▼

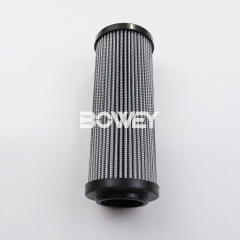 G04316 Bowey replaces Par Ker hydraulic oil filter element
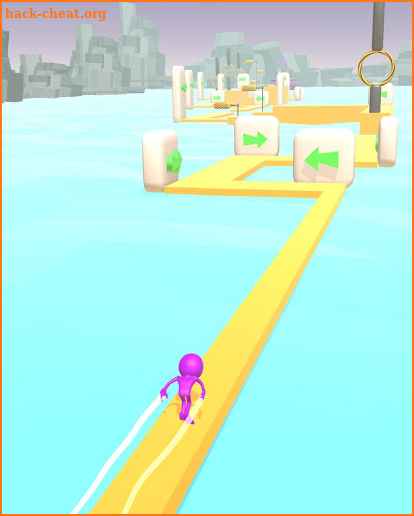 Drag N Fly screenshot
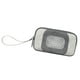 thumbnail image 1 of Dispensador de toallitas húmedas reutilizable para coche, camping, viajes Gris, 1 of 6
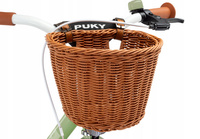Koszyk na kierownicę Puky rozm L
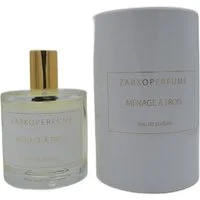 ZARKOPERFUME Eau de Parfum Zarkoperfume Ménage a Trois Eau de Parfum (EDP) 100ml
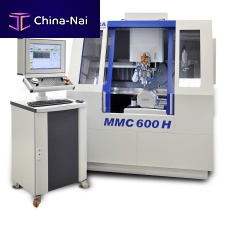 3-axis CNC milling machine MMC 600H5-axis4-axis6-axis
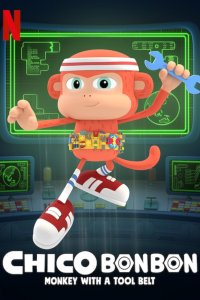 Chico Bon Bon: Monkey with a Tool Belt – S01E07 – Chico Bon Bon and the Fast Food Fiasco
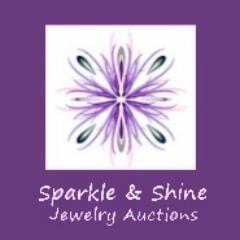 SparkleandWin's profile picture. Accessory Treasures and Glam in a Weekly Auction Format.
Join us for auction fun at 8 p.m. CST each Tuesday and Thursday evening!
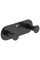 Cuier dublu pentru prosoape Roca Hotels Round A817571C40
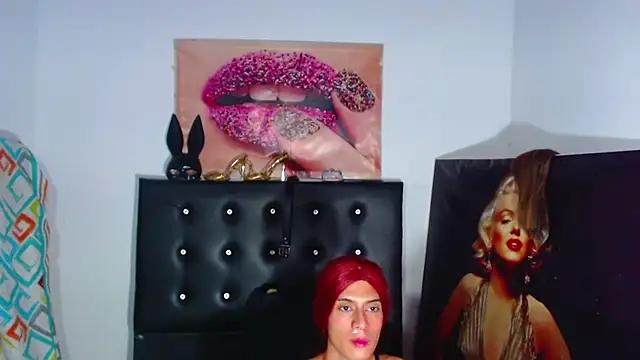 Snapshot of DOMINANTE_KLOE_ chatting on March 17, 2025, 4:19 am DOMINANTE KLOE online show from March 17, 2025, 4:19 am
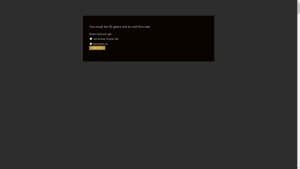 This is the : Fenoxo-homepage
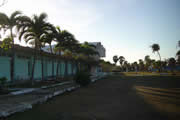 Playa Bibijagua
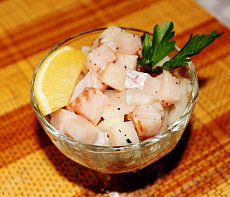 Индигирка из Нельмы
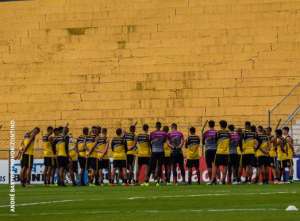 Paulistão: Jogadores do Novorizontino pregam cautela e concentração na reta final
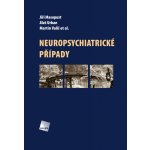 Neuropsychiatrické případy - Jiří Masopust, Aleš Urban, Martin Vališ – Hledejceny.cz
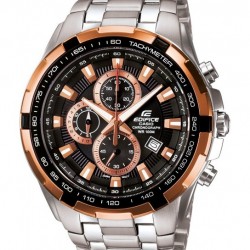 Casio EF-539D-1A5VUDF - CAS-EF539D1A5VUDF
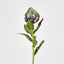 Artichoke Stem 58cm Purple - Pack of 24
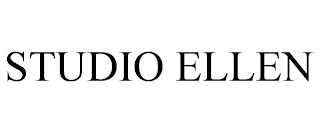 STUDIO ELLEN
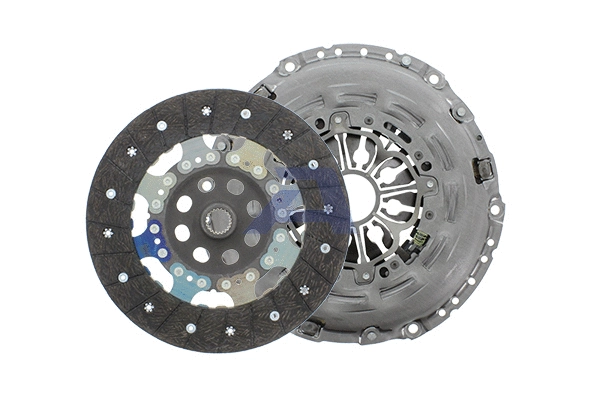 Clutch Kit (KN-224R)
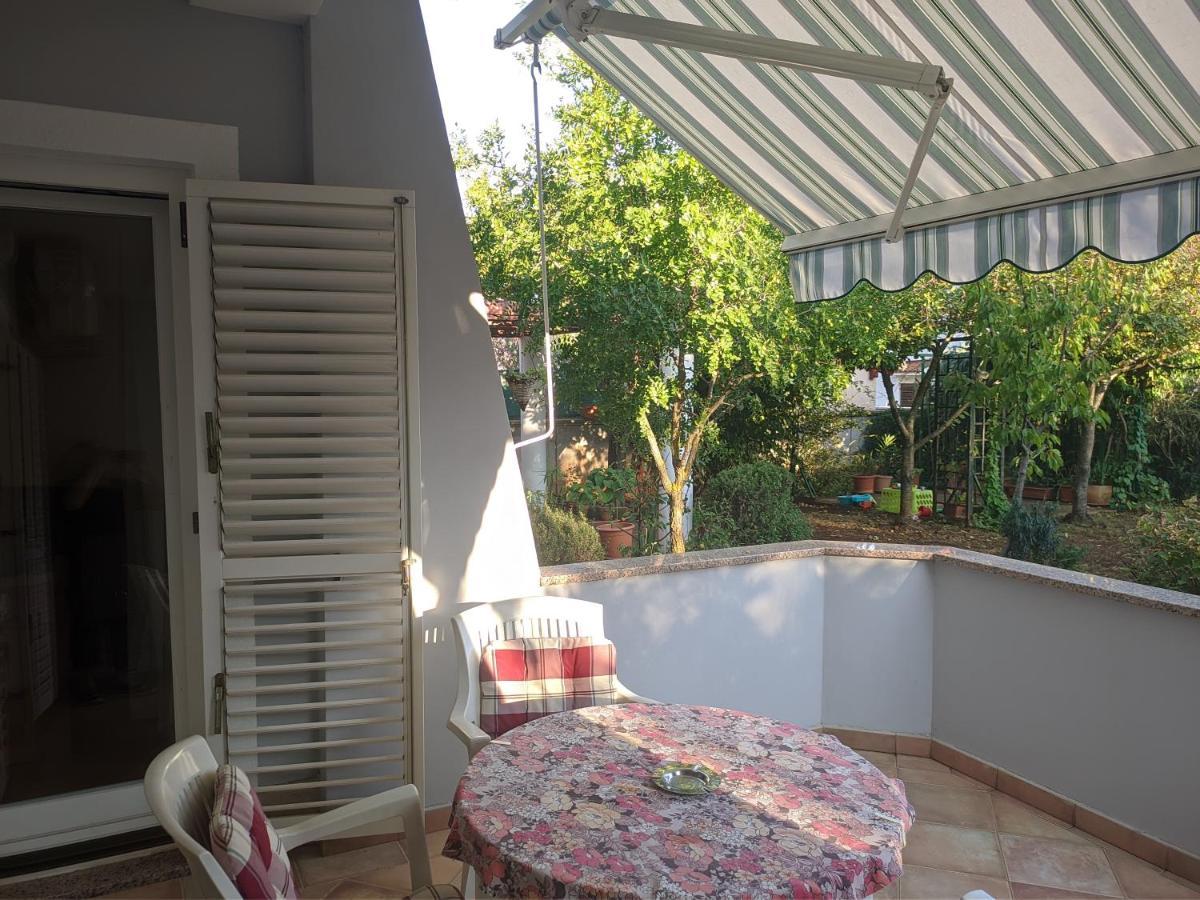 Villa Triton Vinkuran Esterno foto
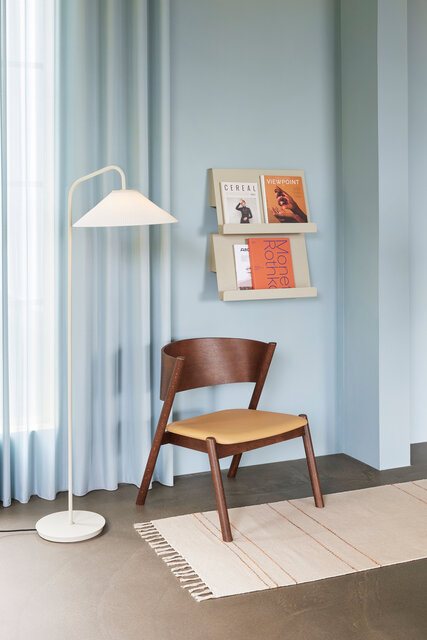 Hubsch Solid floor lamp - 961916 Hubsch Solid floor lamp - 961916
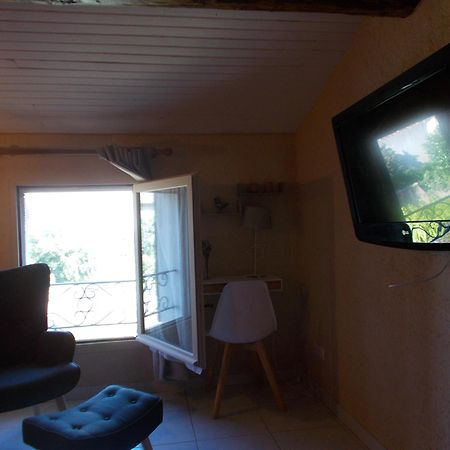 Chambre Tramontane Jonquerettes Esterno foto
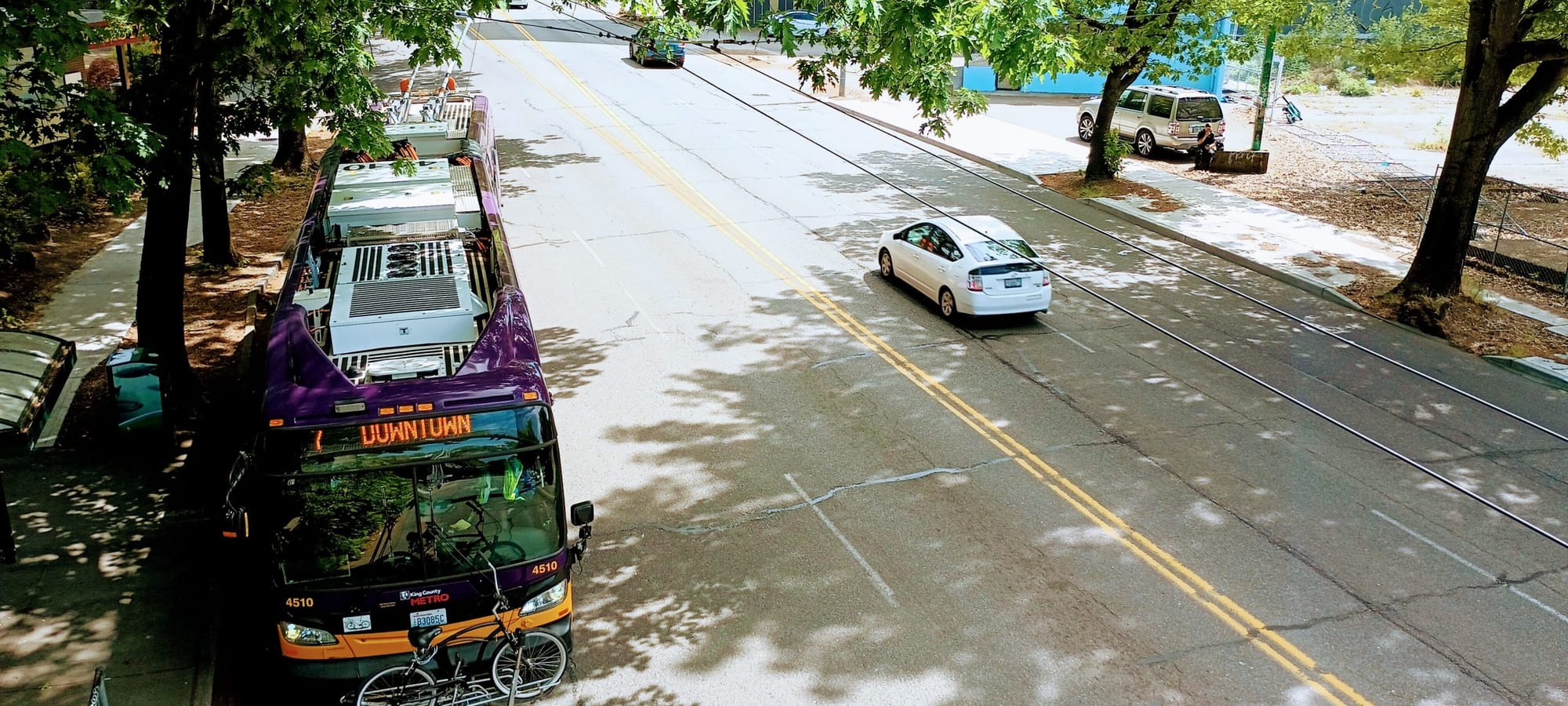 SDOT Chooses Harder Path on Rainier Avenue South Bus Lane’s Next Phase
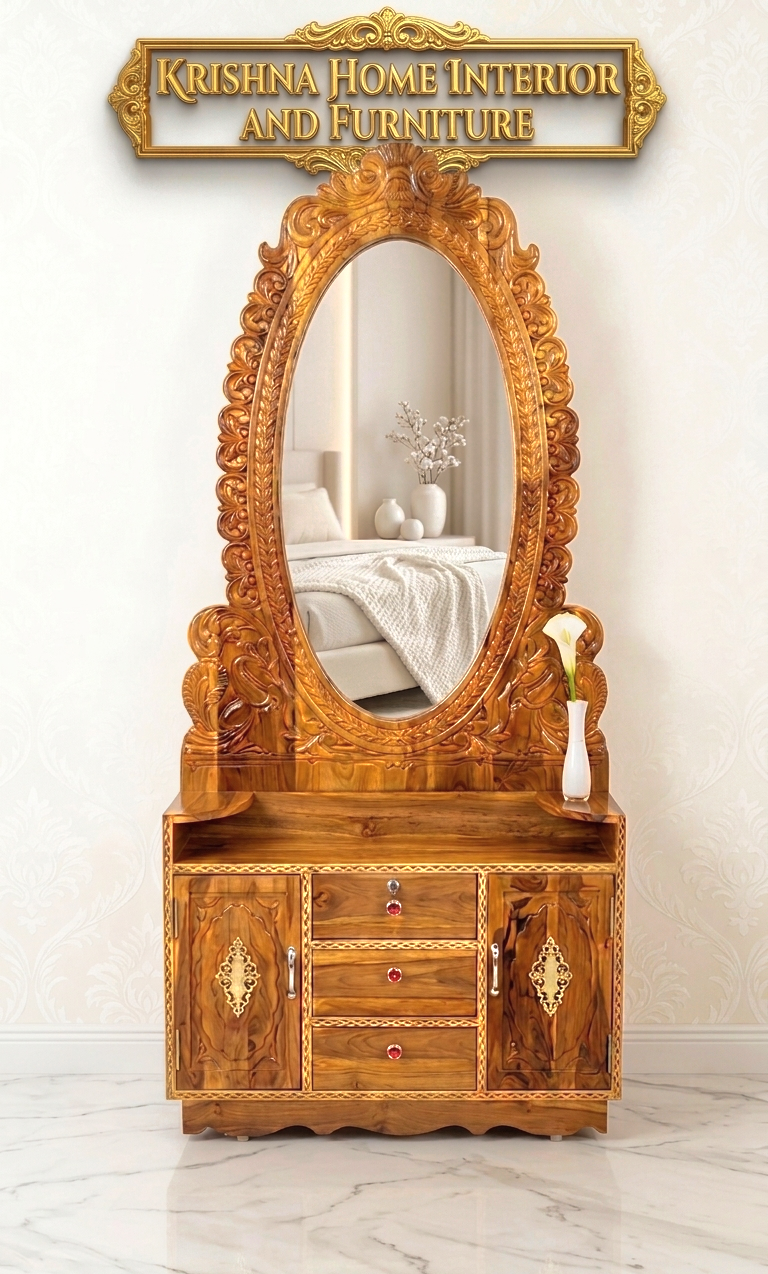 Dressing Table Design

▲

→ Required action
Through the line containing "Chico Bon Bon: Monkey" and no further, restate the data above word for word from its first line, leaving out pictures.

→ Response to the task
 G04316 Bowey replaces Par Ker hydraulic oil filter element
 Drag N Fly screenshot
 thumbnail image 1 of Dispensador de toallitas húmedas reutilizable para coche, camping, viajes Gris, 1 of 6
Koszyk na kierownicę Puky rozm L
 ZARKOPERFUME Eau de Parfum Zarkoperfume Ménage a Trois Eau de Parfum (EDP) 100ml
 3-axis CNC milling machine MMC 600H5-axis4-axis6-axis
 Chico Bon Bon: Monkey with a Tool Belt – S01E07 – Chico Bon Bon and the Fast Food Fiasco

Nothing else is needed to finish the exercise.